This subject will focus on the functions of international environmental agreements, how they are negotiated and designed, and how they develop and evolve over time. Subject materials will include case studies of particular environmental negotiations and international relations explanations of environmental negotiations, including treaty design choices.
Principal topics include:
- Why do states negotiate environmental agreements? (costs and benefits, normative factors, domestic politics)
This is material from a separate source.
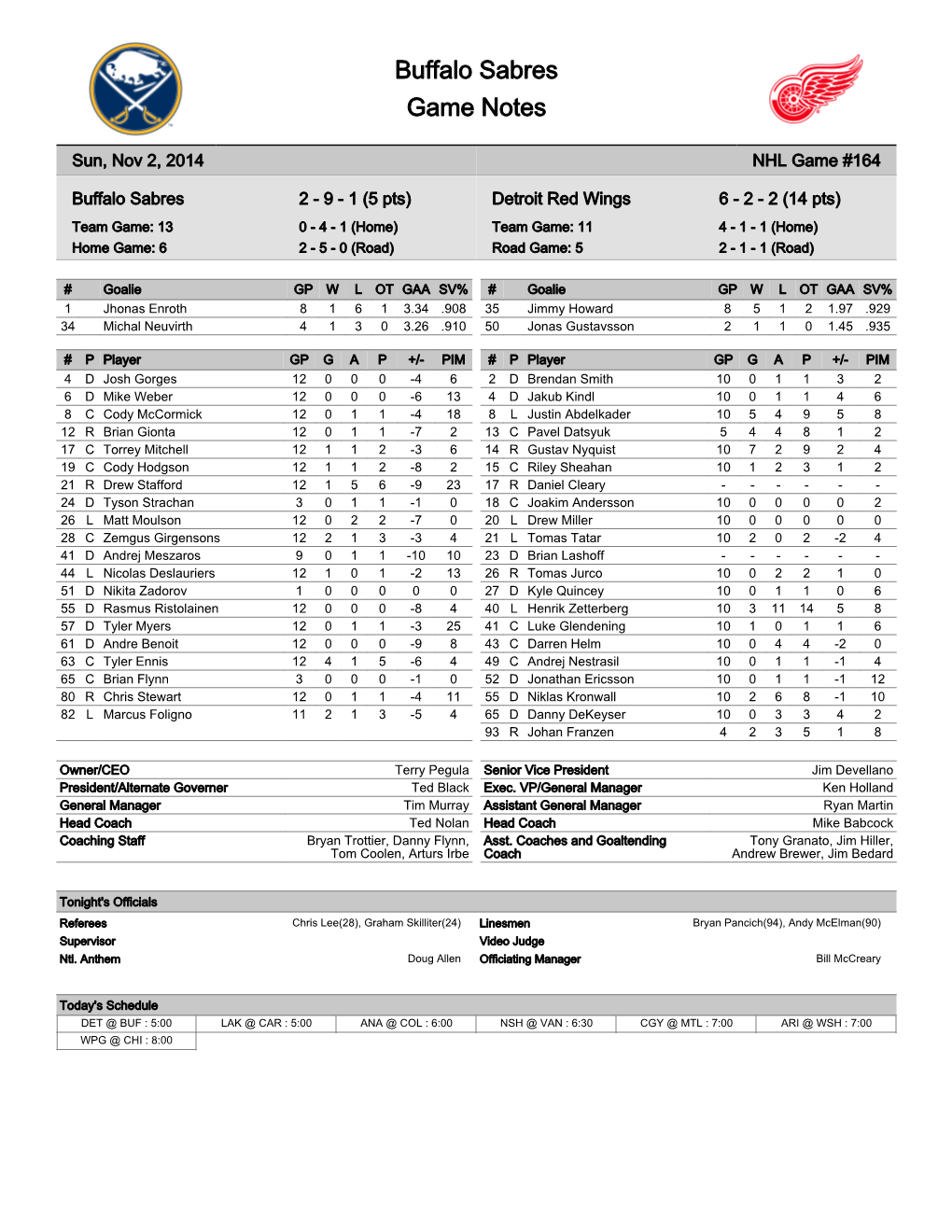 Buffalo Sabres Game Notes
- Categorising agreements: legal/non-legal, constitutive/regulatory, global/regional
- Pre-negotiations: determining the negotiating forum and mandate
- Negotiating process: actors (coalitions/groups, chairperson, secretariat, NGOs), decision-making rules, organisation (inter-sessional meetings, open and closed sessions, means of resolving 'crunch' issues), adoption
- Treaty design: legal form; architecture; breadth; depth, types, and differentiation of obligations; institutions; mechanisms to promote participation, compliance, and flexibility; entry-into-force requirements
- Drafting techniques and, ways of resolving differences
- Treaty development: protocols, amendment, decisions of parties, interpretation
- International relations explanations.
Intended learning outcomes
A student who has successfully completed this subject will:
- Have an advanced and integrated understanding of international environmental treaty law
- Be able to critically examine, analyse, interpret and assess international environmental agreements
- Have a sophisticated understanding of treaty design and treaty drafting issues
- Understand and be able to apply techniques to resolve differences in international environmental negotiations
- Gain experience in making oral presentations and negotiating agreements.